> **DATA IN THIS EXERCISE**:
BEGIN

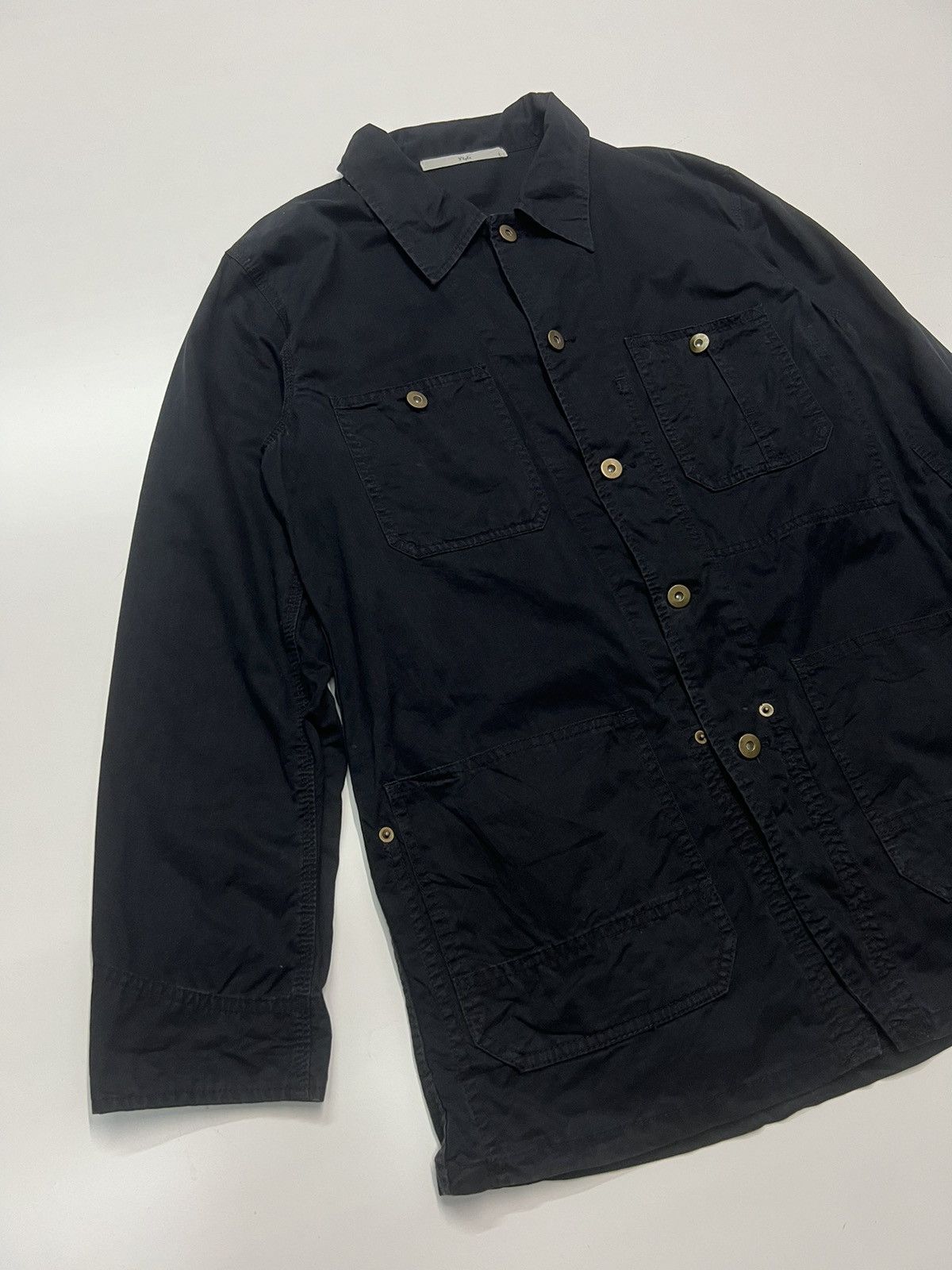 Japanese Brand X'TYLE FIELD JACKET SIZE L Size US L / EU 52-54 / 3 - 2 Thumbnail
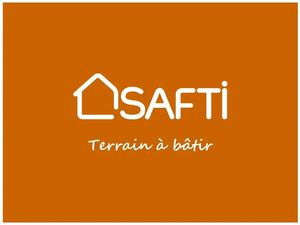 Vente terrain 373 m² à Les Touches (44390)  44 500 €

END
BEGIN

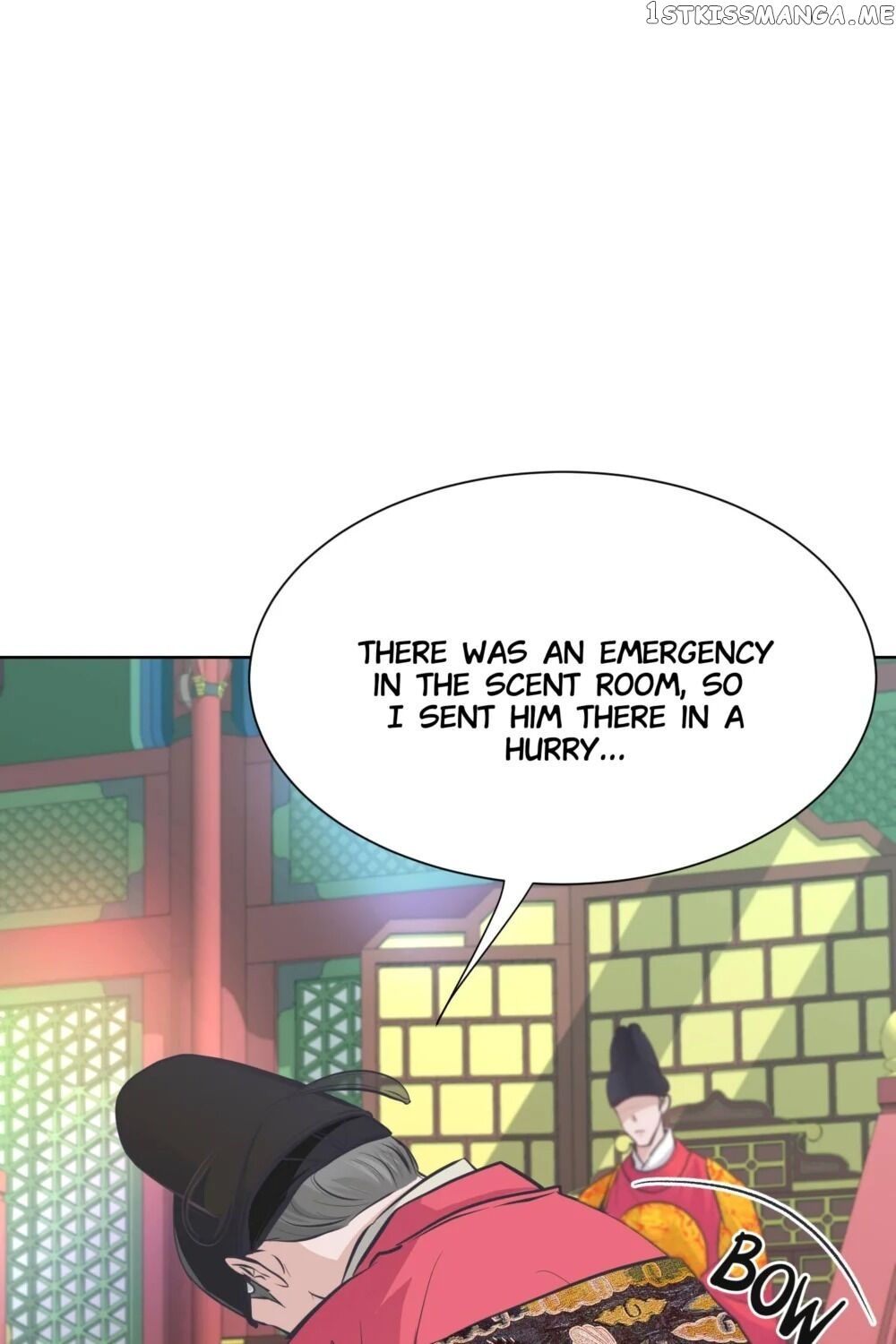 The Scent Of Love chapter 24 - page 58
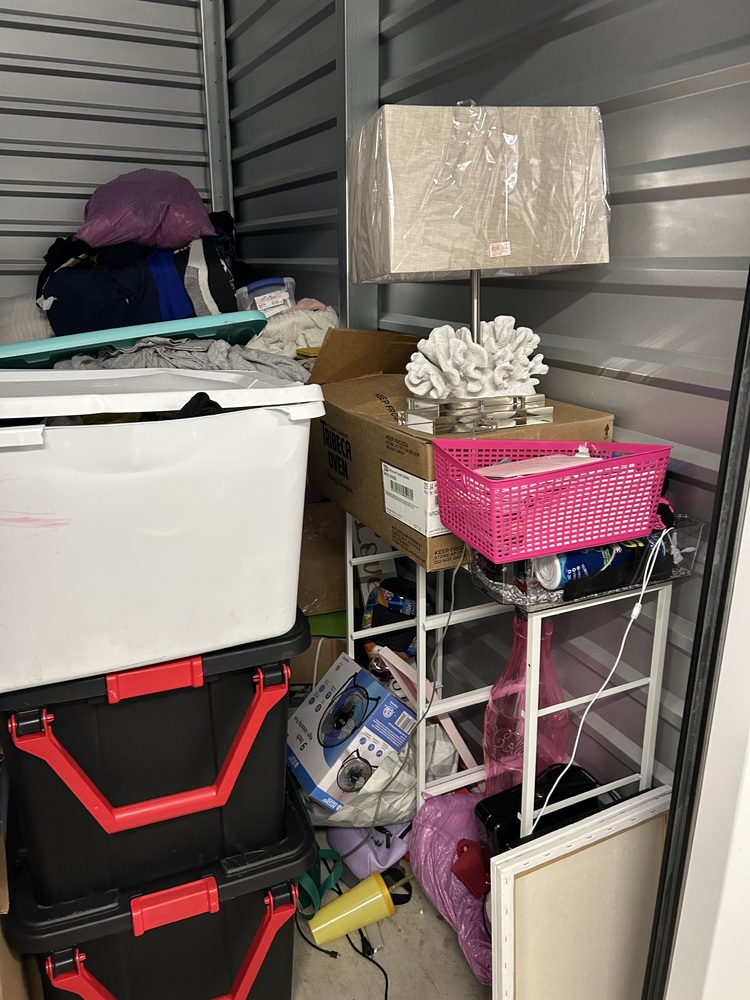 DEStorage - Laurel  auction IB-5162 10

END
BEGIN

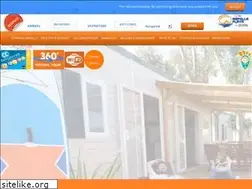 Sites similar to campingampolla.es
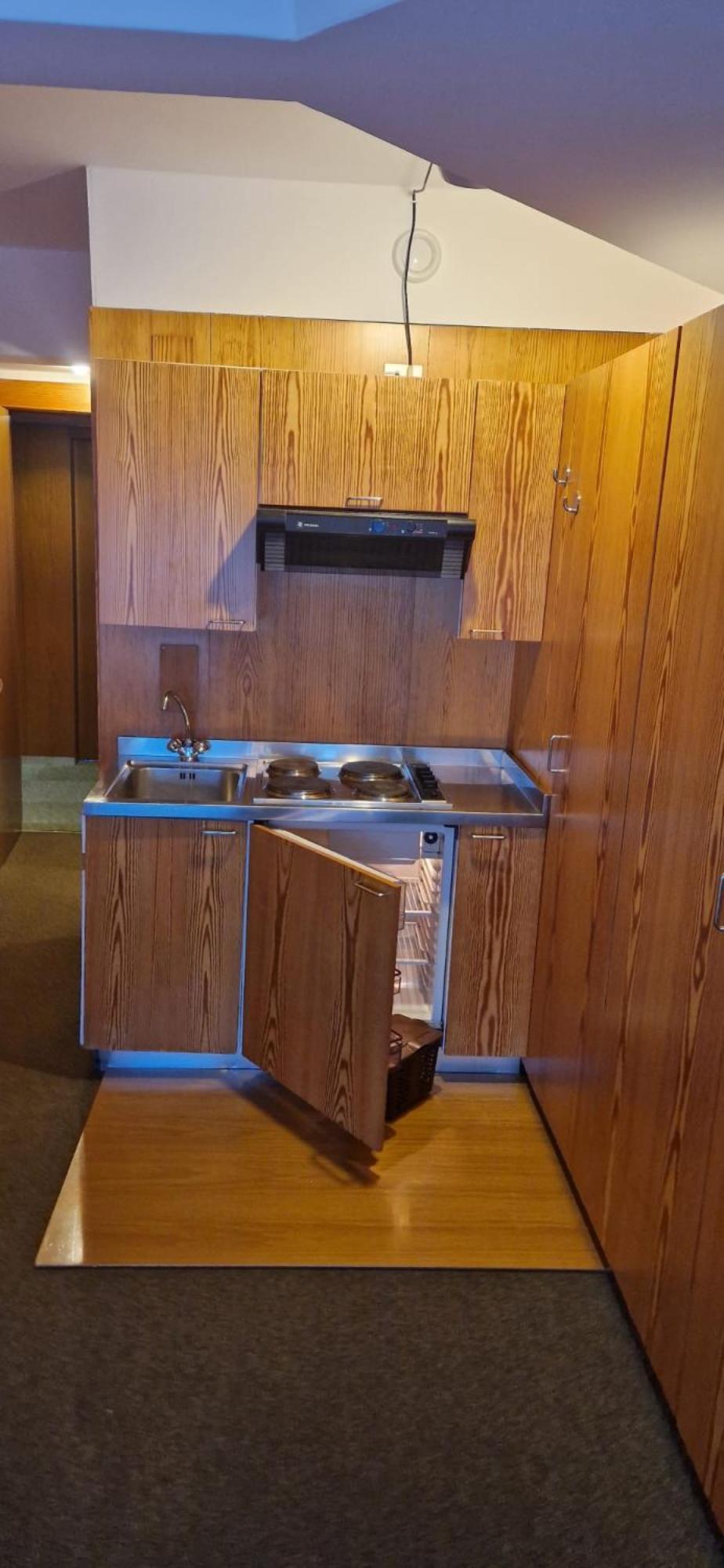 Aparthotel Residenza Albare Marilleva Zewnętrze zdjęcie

END

> **WHAT IS EXPECTED**:
Output exactly the lines above that lie between the line with "Japanese Brand X'TYLE" and the line with "Vente terrain 373", those two lines included, and no pictures.

> **RESULT OF THIS EXERCISE**:
 Japanese Brand X'TYLE FIELD JACKET SIZE L Size US L / EU 52-54 / 3 - 2 Thumbnail
 Vente terrain 373 m² à Les Touches (44390)  44 500 €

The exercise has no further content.